Existía un pueblo cuyos habitantes eran todos locos.
Un día un pastor y su rebaño se perdieron en las proximidades de aquel pueblo, y, al caer la tarde, como le faltase una cabra, el pastor se puso a buscarla por las inmediaciones.
Encontró a un labrador, que trabajaba en su campo, y le preguntó:
—¿No has visto en tu campo una cabra perdida?
—Mi campo empieza delante de mí y concluye detrás de mí —dijo el hombre—. Busca y hallarás.
Viendo que no sacaba nada, el pastor se alejó. Cuando hubo encontrado la cabra, reunió el rebaño que balaba, para pasar la noche al raso, porque ignoraba que hubiese un pueblo en las cercanías. De pronto, vio pasar al labrador con quien ya había hablado, se acercó a él, y para predisponerlo a su favor, le dijo:
—He encontrado la cabra que se me había perdido, mírala; te la doy de buena gana, si me brindas hospitalidad.

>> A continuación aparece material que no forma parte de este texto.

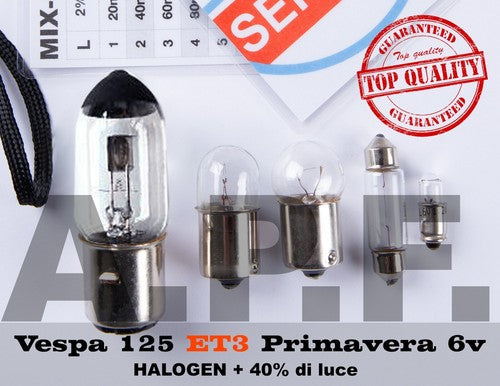 lampade LAMPADINE VESPA ET3 kit halogen - imp. a 6v - 5 lampadine QUALITA' TOP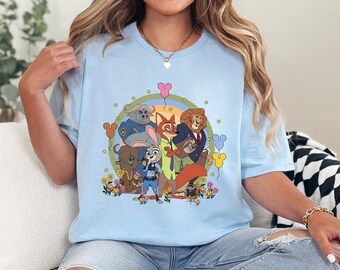 Disney Zootopia Characters Shirt, Nick Wilde Judy Hopps Shirt, Disney Family Trip Shirt, Zootopia Mickey Balloons Tee 234659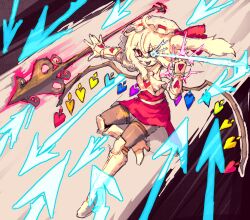  1girl absurdres ascot black_pantyhose blonde_hair boots cosplay crystal crystal_wings flandre_scarlet flying glowing glowing_eye hat hat_ribbon heart highres laevatein_(touhou) mob_cap open_mouth pantyhose puffy_short_sleeves puffy_sleeves rampa93 red_eyes red_skirt ribbon sans_(undertale) sans_(undertale)_(cosplay) short_hair short_sleeves side_ponytail skirt smile solo touhou touhou_danmaku_kagura undertale wings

—¿Cómo se entiende? —exclamó el labrador—. ¿Qué enredo es este? ¿Me acusas de haberte robado la cabra? Vamos a ventilar el asunto con el jefe del pueblo.
En cuanto llegaron a su presencia, el jefe del pueblo exclamó al querer hablar al pastor:
—¡Vamos! ¿Otro lío de mujeres? Verdaderamente, esto no puede continuar; me voy del pueblo. —Y dirigiéndose a su mujer, le dice—: ¡Ven, vámonos!
La mujer confió a una criada que tenía al lado:
—Lo que es yo, no puedo continuar viviendo con un hombre que no hace más que hablar de divorciarse.
La criada se ocupaba en descortezar cacahuetes, y en el momento de hablarle su ama, se presentó un mendigo pidiendo limosna. La criada dice al mendigo:
—¿Puedes creer, pobre hombre, que desde esta mañana estoy ocupada en esta tarea y que aún no he comido?
Y sin más, pone los cacahuetes en el capacho que tendía el mendigo, el cual se fue diciendo:
—Bueno, muchas gracias, alabado sea Dios.